2. Heat a little vegetable oil in a large frying pan over medium heat. Put in 1/4 of the batter and spread out to make a thick pancake. Cook for about 4 minutes, then drizzle a little more oil down the sides of the pan. Flip the pancake over and cook for about another 4 minutes. (If your pancake is very thick, you may need to cook for a little longer on each side to ensure that it's not just floury and raw on the inside). Repeat until you've used up all the batter.
3. Brush about a tablespoon of sauce over each okonomiyaki (it's the best bit so keep the remainder handy so you add more). Do the same for the mayonnaise, using as much as you like. Sprinkle the nori flakes artfully on top. Eat!
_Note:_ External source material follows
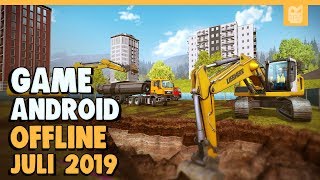 5 Game Android Offline Terbaik Juli 2019 screenshot 5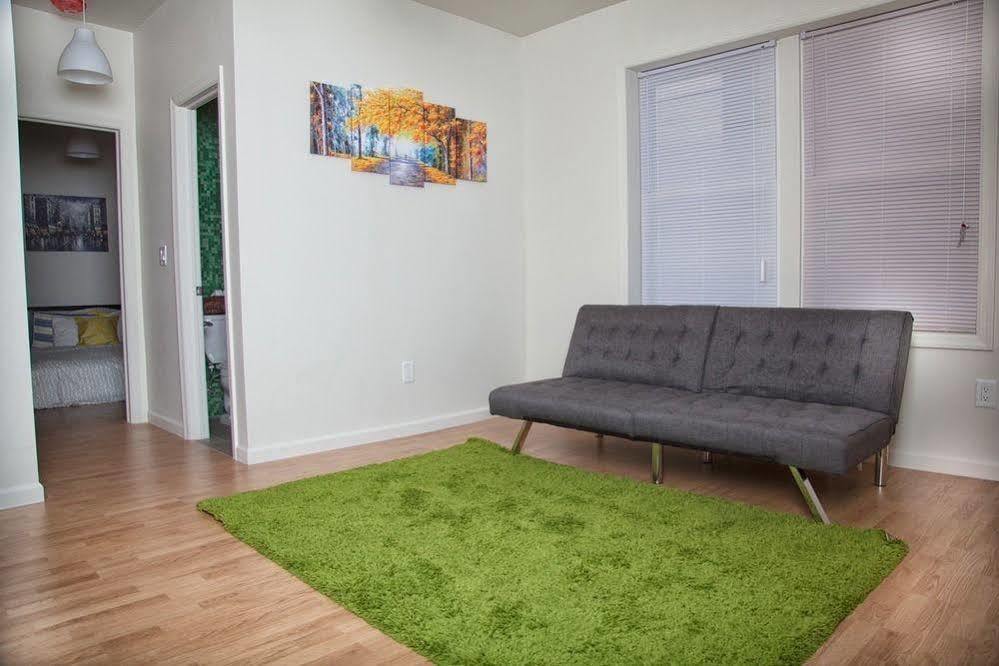 Short Stay Global - Jersey City Vroom Street المظهر الخارجي الصورة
N.B. I didn't use sake when I made this, and I don't think it really made any difference. Don't stress out to much if you don't have sake and mirin. If you don't really cook Japanese food, then it's not neccessary to run out and buy them just for this, IMO. Most okonomiyaki restaurants don't use dashi, mirin, miso or sake. However, they do use eggs of course so you'll need something to replace that as a binding agent. The traditional recipe uses grated naga-imo (a long, hairy yam type thing) or yama-imo (a long, smooth yam type thing) which makes a big sticky mess and holds the batter together. If you can find one of them in your grocery store, give it a try!

-- Sarah

6 comments:

linas said...

mmmm... looking forward to see the recipe :-)

John Plummer said...

Post the recipe!!!

John Plummer said...

Yeah! I want to try this!

herbivore said...

Fun! I want to try it with vegan mayo :)

Heather said...

i'm in the middle of making this and it's not really batter-like, it's come out more like a dough... i've double-checked the ingredients so idk...i'll let you know how it turns out!

Peggy the Veggie said...

Ohh, I totally want to try making this! My friend had a non-vegan version the other day and I was quite intrigued.